VENICE — It’s not Laurel Road instead of the Pinebrook Road/East Venice Avenue intersection. It’s Laurel Road and the intersection.

That’s how Venice City Council Member Mitzie Fiedler explained her intent in proposing Tuesday to “abort” city funding of the intersection and ask the county to use the money to improve Laurel Road.

“We now have better information today than we did in 2012,” she said.

That was when the City Council committed $1.8 million to improvements at Pinebrook Road’s intersections with Ridgewood and East Venice avenues. It later added $500,000 more.

Council Member Chuck Newsom said that when the Planning Commission was revising the comprehensive plan the intersection had more EMS calls than any other in the city.

“We have committed to the citizens that we are going to fix this intersection,” he said.

But the county now says it can redo the intersection for $2.3 million in a way that will last until 2040 and it’s pursuing state money for a design and engineering study that could qualify the work for federal funds.

Fiedler said she wants to keep the city’s commitment in place but as a cap on its contribution.

It could be the case that none of the city’s money would be needed, she said. If not, then all of the $6.2 million in mobility and road impact fees currently budgeted for the work could be spent elsewhere — such as on Laurel Road.

If the city does in fact have to contribute monetarily to the work, the remaining fees could go to Laurel Road, she said.

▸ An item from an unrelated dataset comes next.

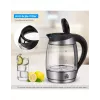 ForMe FKG-458 Hervidor Inalámbrico 1,8 L Acero Inoxidable / Negro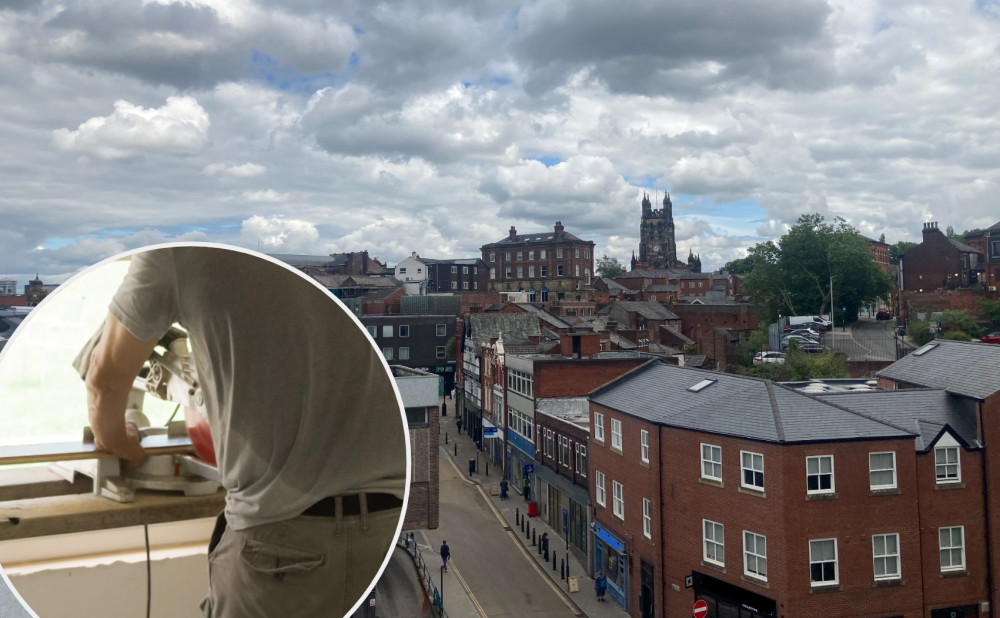 A rogue trader who used 'aggressive and misleading' practices on Heaton Mersey residents has been jailed for 18 months (Images: main - Nub News / inset - Unsplash) A rogue trader who used 'aggressive and misleading' practices on Heaton Mersey residents has been jailed for 18 months (Images: main - Nub News / inset - Unsplash)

A transportation analysis projects the road to deteriorate to level of service “F” as development in North Venice continues, she said. It might be a higher priority than the intersection if the projects were evaluated together today, she said.

Her proposal got a cool reception from her colleagues, though not because there’s any disagreement about the need for either project.

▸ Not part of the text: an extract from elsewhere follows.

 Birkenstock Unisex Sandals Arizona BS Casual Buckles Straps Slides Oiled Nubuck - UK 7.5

Council Member Jeanette Gates was one of several who said that city staff needs to weigh on the idea.

“I don’t have the time frames, I don’t have the numbers I need to vote on,” she said.

Mayor John Holic added that the city would need a firm commitment from the county that its obligation wouldn’t exceed $2.3 million.

“This has to be something strong that future Councils can rely on,” he said, perhaps a resolution from the County Commission.

Vice Mayor Rich Cautero called Laurel Road a “red flag” and a “cliff we’re heading straight into.”

“All the scenarios point to a failing Laurel Road,” he said.

But, he said, he thinks it may be possible to do both projects.

So does Council Member Bob Daniels, who expressed concern about voting to reallocate mobility and road impact fees, which are actually county funds, without involving the county, the Metropolitan Planning Organization of the state Department of Transportation.

“We need to start by calling timeout on this,” he said.

The city needs to maintain good relations with those other entities, he said, or it could jeopardize millions in funding.

It could be, after further review, Holic said, that the city might decide another road would be an even higher priority — say, for evacuation — than Laurel Road, an east-west route that “is really a road that goes nowhere,” he said.

Fiedler’s proposal was voted down 6-1 but can be brought back up again.